Public transport pricing reform

The last major reform to public transport pricing in Melbourne occurred over about a decade between the 1970s and 1980s.

Before the late 1970s, Melbourne train fares included peak and off-peak fares and were set according to a detailed schedule based on distance. Tram fares also varied with distance. This shows that Melburnians have successfully used sophisticated public transport pricing before.

In under ten years this was all replaced with the much simpler Metro card system, which evolved into today’s zonal system. The new system had the advantage of covering multi-modal travel but removed many incentives to make better use of the system – incentives widely used around the world as shown in section 3.

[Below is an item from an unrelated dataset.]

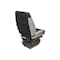 Uni Pro 111 Mechanical Suspension Seat, Multi-Gray Fabric 8502 - alternate 7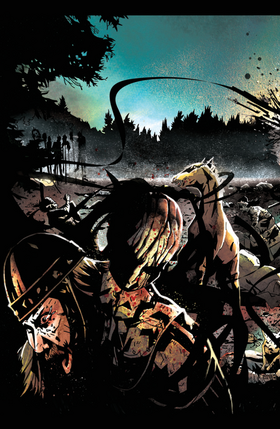Read Impaler  1 Page 9 in English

So why did these changes take place? Annual reports for the Victorian Railways Board and Melbourne and Metropolitan Tramways Board (MMTB) suggest they were in part a response to declining patronage and a way to support the introduction of ticket machines.

But the decline in patronage doesn’t necessarily mean that the system had become too complex or that Melburnians had become unable to cope with the pricing structure. It’s more likely the decline in demand for public transport was linked with the rise of cheap cars, the building of major highways and limited investment in public transport in the rapidly growing suburbs. The MMTB reports even include television as a culprit!

Whatever the primary reason, responding solely with simpler public transport pricing was unlikely to be the most efficient and effective approach.

Are there still good reasons to have a very simple ticketing system? With electronic tickets replacing physical tickets, the incentive to save money on printing physical tickets has disappeared.

Electronic tickets also enable different prices across modes (as well as by distance and time) in a flexible way not possible with the paper tickets of the early 1980s.

The next version of myki can escape the constraints associated with paper tickets. We need further research to see the effects on demand, by mode and time of day, of introducing a more sophisticated ticketing system. `Mobility as a service’ apps, such as RACV’s Arevo product for Melbourne, can make travel decisions much easier if the pricing system is more sophisticated.

Introducing road pricing along with more sophisticated public transport prices will encourage the most efficient use of all modes of transport throughout the day. It could also facilitate travellers making a more substantial and sustainable contribution to funding public transport.

Introducing road pricing, along with more sophisticated public transport pricing, will encourage the most efficient use of modes of transport throughout the day.